12night2       Twelfth Night is not one of my favorite plays. I guess it just doesn’t really catch my interest, and I think that it has very dark undercurrents for a comedy. I cannot reconcile what Maria and her companions, especially Feste end up doing to Malvolio.

While in the Shakespeare for Teachers course, I read through Rex Gibson’s  Teaching Shakespeare,  by Cambridge University Press. It has many helpful tips to understanding and teaching Shakespeare’s works, but one that I found especially helpful was his separation of what he calls the “Four Common Themes” of Shakespeare: conflict, appearance and reality, order and disorder, and change.  These can be applied to almost any Shakespeare play, but I found them to be quite relevant to this one.

In Twelfth Night, the main conflict is between Malvolio and the servants/Sir Toby/Sir Andrew/ and company. This conflict is between seriousness and fun, and some see it as between good and evil. For my part, I have a hard time believing Sir Toby to be a likeable character (he seems to be just as full of himself as Malvolio is), so I cannot see him representing “good” (is fun always “good?”), and although Malvolio certainly has his faults, I cannot see him as a villain. There is also conflict between Orsino’s will and Olivia’s will.

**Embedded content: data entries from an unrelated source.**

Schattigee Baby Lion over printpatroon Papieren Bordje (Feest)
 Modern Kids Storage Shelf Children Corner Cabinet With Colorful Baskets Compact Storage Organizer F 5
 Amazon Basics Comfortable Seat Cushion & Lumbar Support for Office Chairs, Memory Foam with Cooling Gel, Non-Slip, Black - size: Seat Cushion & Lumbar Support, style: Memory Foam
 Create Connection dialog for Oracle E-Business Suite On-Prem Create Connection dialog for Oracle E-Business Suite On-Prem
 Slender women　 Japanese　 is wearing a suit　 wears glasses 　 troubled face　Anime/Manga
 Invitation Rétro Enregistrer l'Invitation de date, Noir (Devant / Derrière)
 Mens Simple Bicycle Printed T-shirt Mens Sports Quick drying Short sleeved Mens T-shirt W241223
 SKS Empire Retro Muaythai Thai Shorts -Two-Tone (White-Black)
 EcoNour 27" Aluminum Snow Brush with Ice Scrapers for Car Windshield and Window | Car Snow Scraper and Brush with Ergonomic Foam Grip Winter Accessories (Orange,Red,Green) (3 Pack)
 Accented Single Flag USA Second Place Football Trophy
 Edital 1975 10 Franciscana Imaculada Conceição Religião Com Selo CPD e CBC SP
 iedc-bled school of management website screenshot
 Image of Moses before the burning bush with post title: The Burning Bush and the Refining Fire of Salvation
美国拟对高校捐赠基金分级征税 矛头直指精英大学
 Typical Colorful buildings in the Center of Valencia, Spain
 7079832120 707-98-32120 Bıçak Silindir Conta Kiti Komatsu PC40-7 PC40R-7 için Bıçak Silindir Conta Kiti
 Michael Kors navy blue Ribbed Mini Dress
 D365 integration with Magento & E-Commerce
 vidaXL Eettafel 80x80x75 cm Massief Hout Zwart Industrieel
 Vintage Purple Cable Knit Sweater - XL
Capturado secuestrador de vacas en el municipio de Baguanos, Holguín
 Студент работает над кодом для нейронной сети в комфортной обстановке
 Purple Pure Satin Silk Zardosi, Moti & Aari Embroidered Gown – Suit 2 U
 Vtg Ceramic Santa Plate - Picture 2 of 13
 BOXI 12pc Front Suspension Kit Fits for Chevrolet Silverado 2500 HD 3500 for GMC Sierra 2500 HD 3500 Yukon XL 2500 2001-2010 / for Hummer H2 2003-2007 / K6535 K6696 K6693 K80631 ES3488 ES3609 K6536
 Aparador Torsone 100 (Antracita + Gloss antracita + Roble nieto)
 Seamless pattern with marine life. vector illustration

Appearance versus reality is one of the central concerns of the play. Most of the play’s conflict does seem to come from this theme, actually. There is the appearance of love (Orsino’s constant complaints, outward shows of love, etc.) vs. its reality (Orsino ends up loving Viola instead of Olivia, and Viola proves that loveinvolves more than its appearance?), Viola’s outward appearance as a man vs. her true identity, Malvolio’s act as his appearance contrasts sharply with reality of Olivia’s sorrow, Sir Andrew’s appearance of being a knight, but in reality being only a wealthy fop who bought the title, and Malvolio’s appearance of insanity vs. his true saneness.

Order and disorder is also present. The order of the court is upset by the twins’ arrival – Viola’s disguise matching Sebastian causes much confusion and disorder, Malvolio’s attempt to order the lives of Sir Toby and his companions and their overthrow of him and resulting disorder.

Change is also a prominent theme of the play. Viola’s change is perhaps most apparent, her initial change into the appearance of a young man, then her reversal back to her old self. But Orsino’s change is also prominent. He appears to love Olivia very passionately at the play’s opening, but his heart changes, and he becomes enamored with Viola. Olivia also changes, and loves Sebastian rather than Cesario. Malvolio also changes from his drab Puritan garb into the gay costume that he believes Olivia will like.  However, one character who contrasts all these changing ones, a character remaining constant, is Antonio. He never abandons Sebastian, even when Viola (whom he mistakes for Sebastian) spurns him and denies ever knowing him.